**Your goal**
Starting with the line below that holds "разрешение 2048x1365 Загрузить" and stopping after the line that holds "Jungle gardenia perfume for sale sales", transcribe the lines exactly, leaving out all pictures.

**Input data**
-----

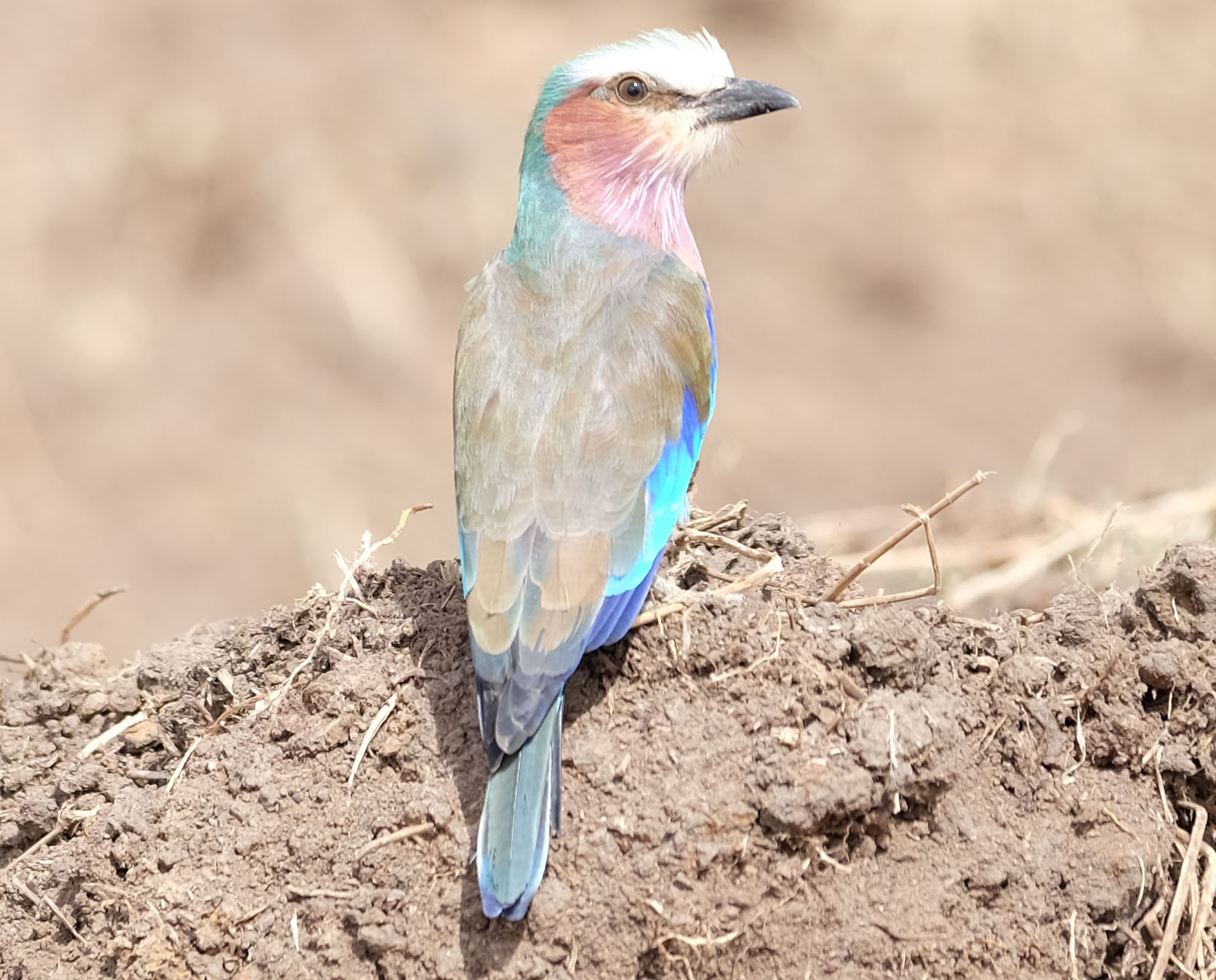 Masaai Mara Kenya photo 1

-----

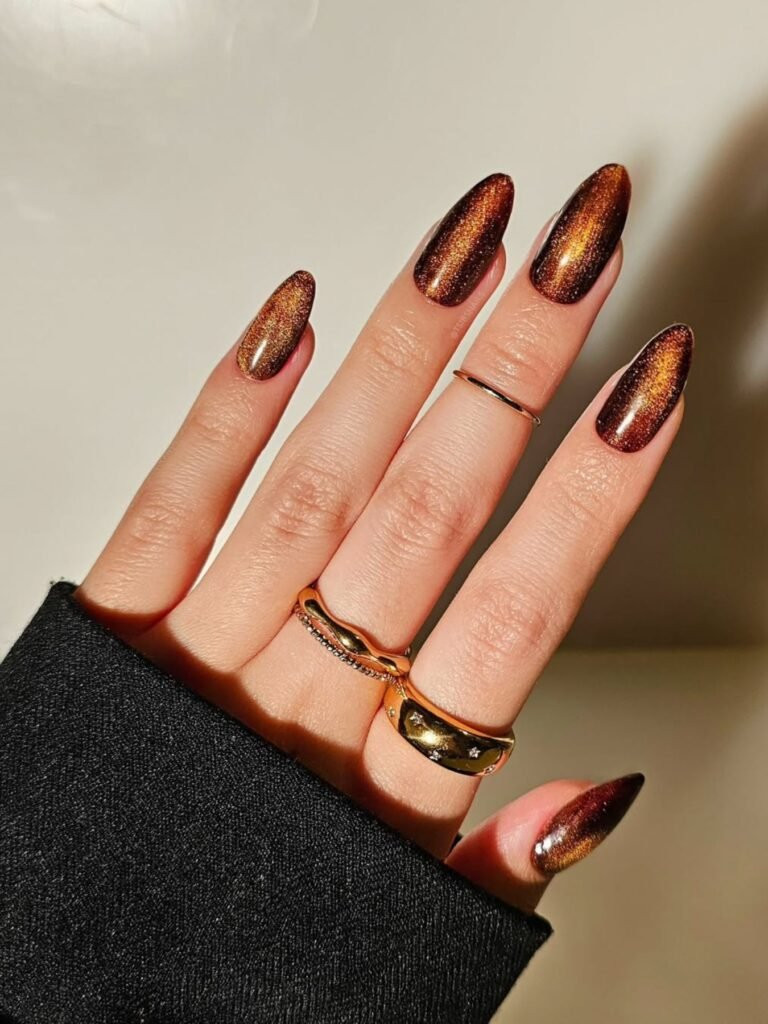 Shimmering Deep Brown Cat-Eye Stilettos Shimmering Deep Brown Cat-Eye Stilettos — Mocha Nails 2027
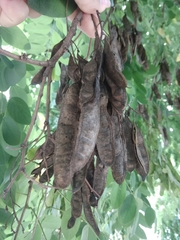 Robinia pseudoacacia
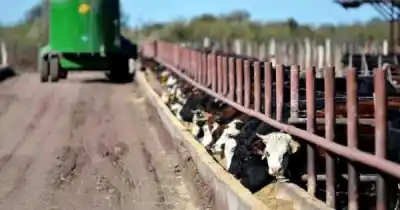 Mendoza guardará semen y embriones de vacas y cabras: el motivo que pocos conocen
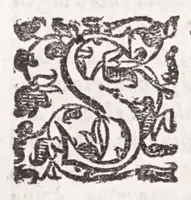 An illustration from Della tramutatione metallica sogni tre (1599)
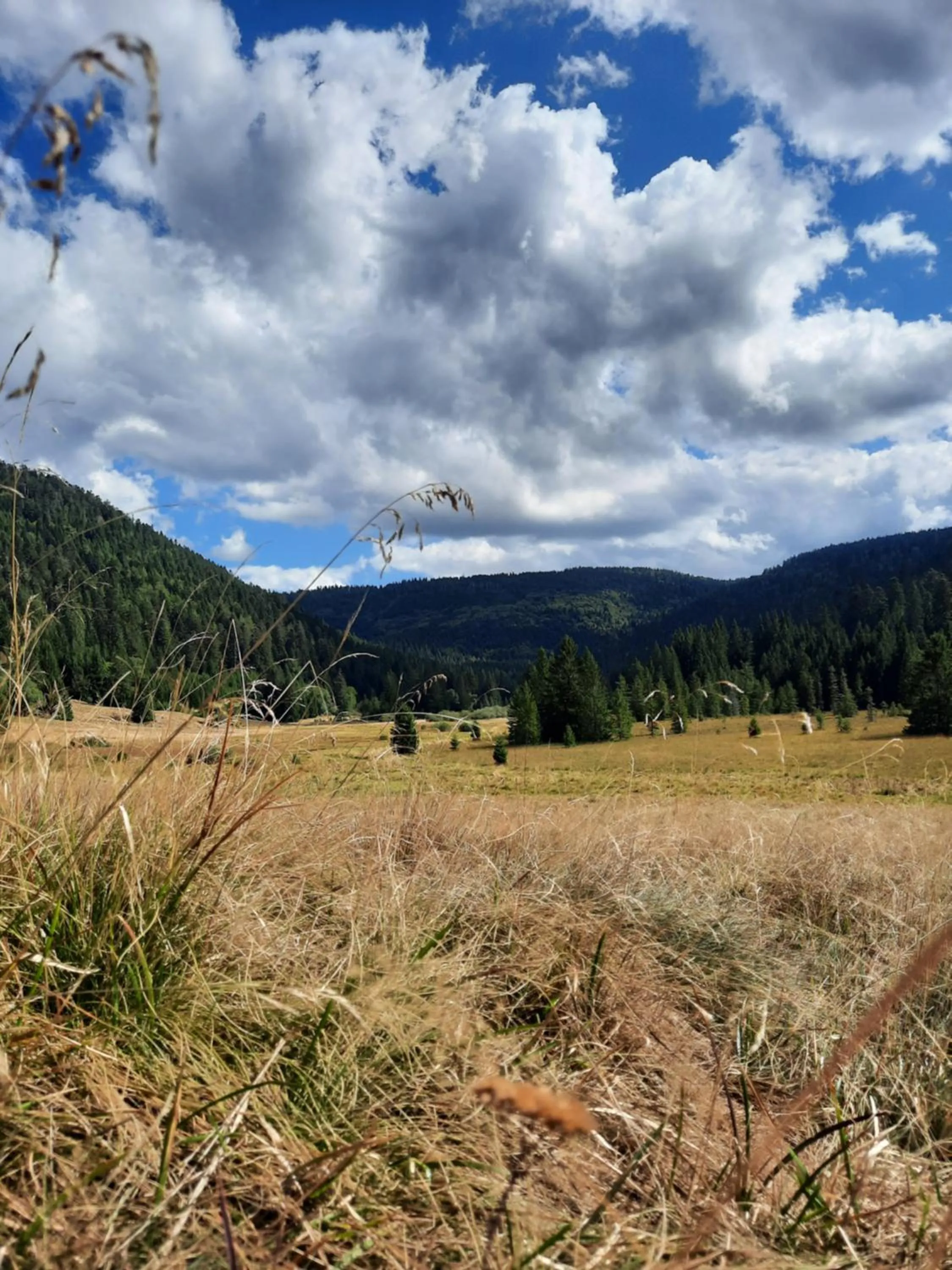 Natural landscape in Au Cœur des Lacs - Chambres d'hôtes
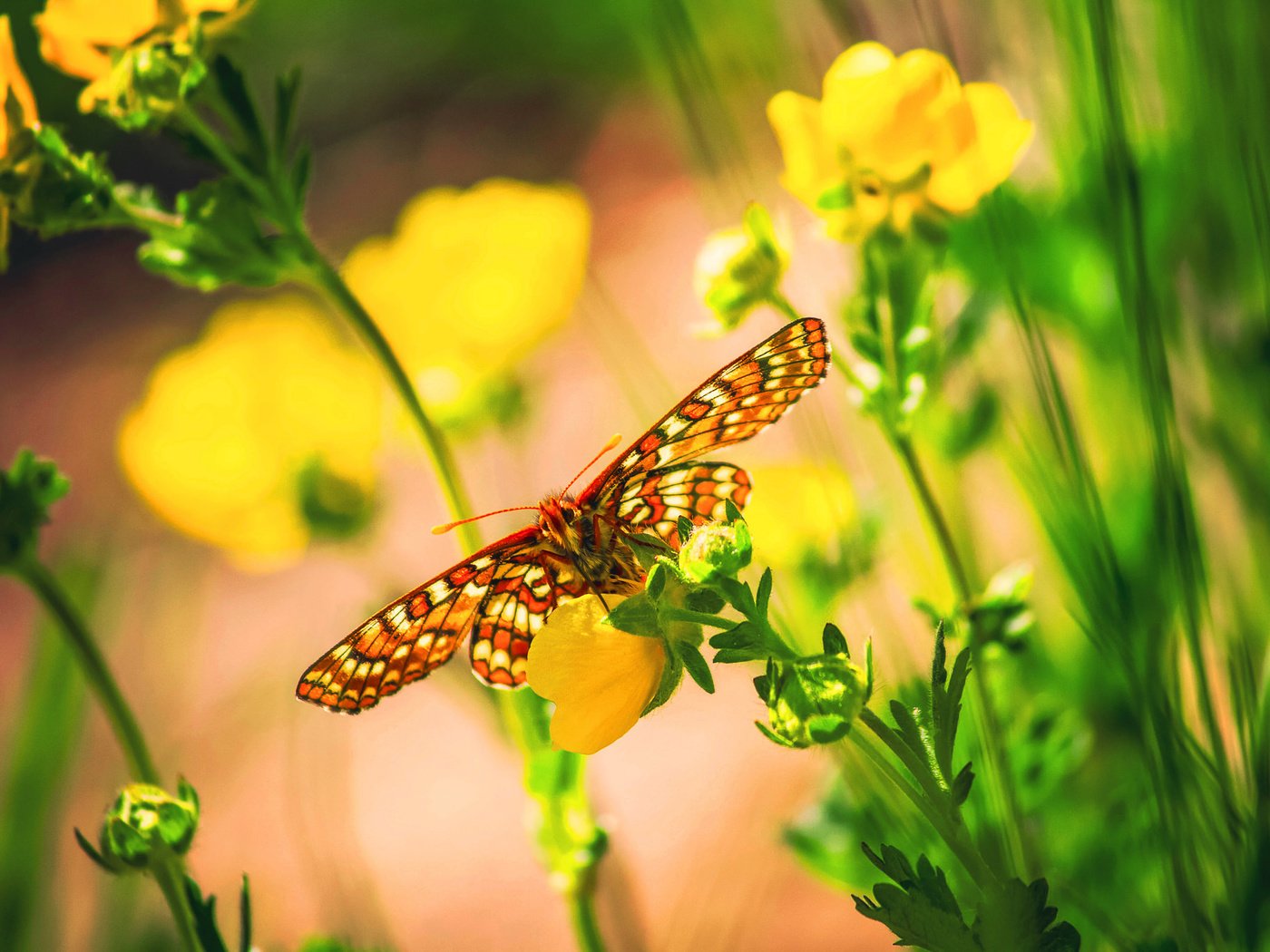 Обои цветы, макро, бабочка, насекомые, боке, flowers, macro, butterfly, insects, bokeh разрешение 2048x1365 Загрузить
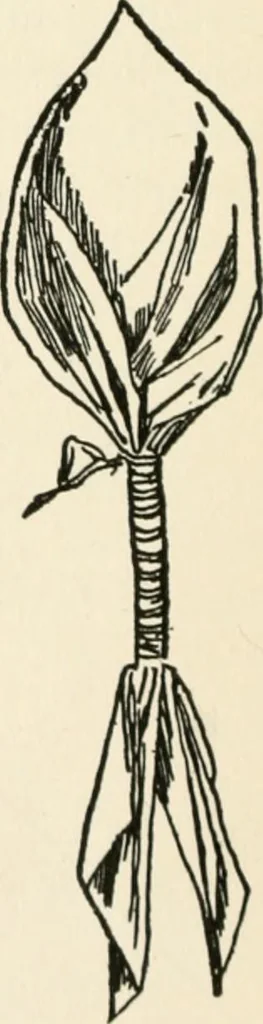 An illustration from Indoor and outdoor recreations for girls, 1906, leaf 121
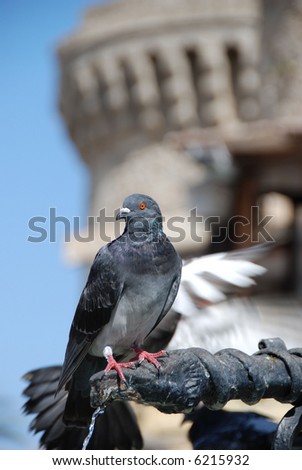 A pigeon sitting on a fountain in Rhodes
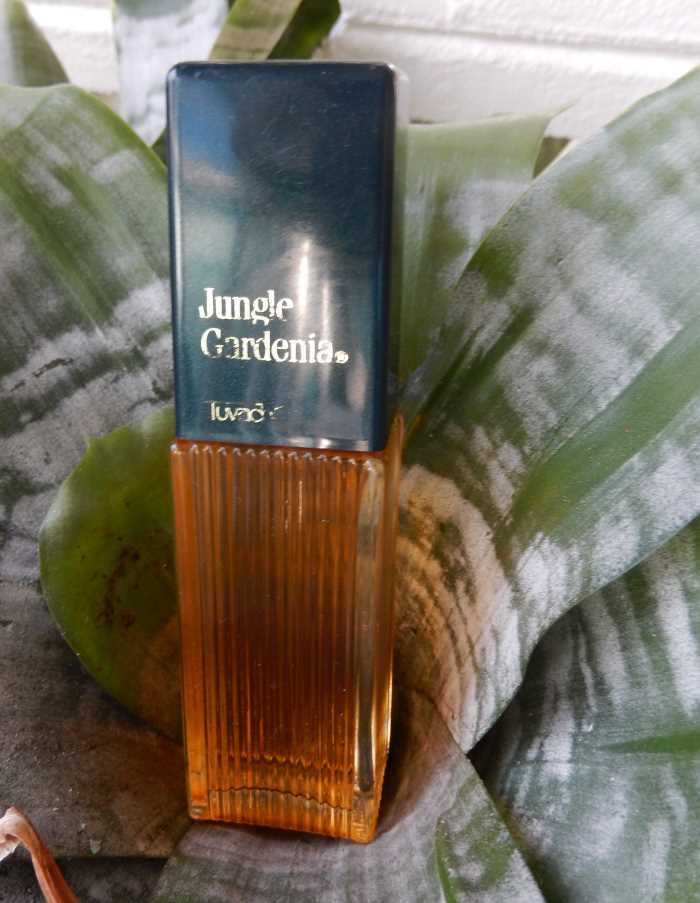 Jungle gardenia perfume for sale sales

-----

**Written reply**
 Обои цветы, макро, бабочка, насекомые, боке, flowers, macro, butterfly, insects, bokeh разрешение 2048x1365 Загрузить
 An illustration from Indoor and outdoor recreations for girls, 1906, leaf 121
 A pigeon sitting on a fountain in Rhodes
 Jungle gardenia perfume for sale sales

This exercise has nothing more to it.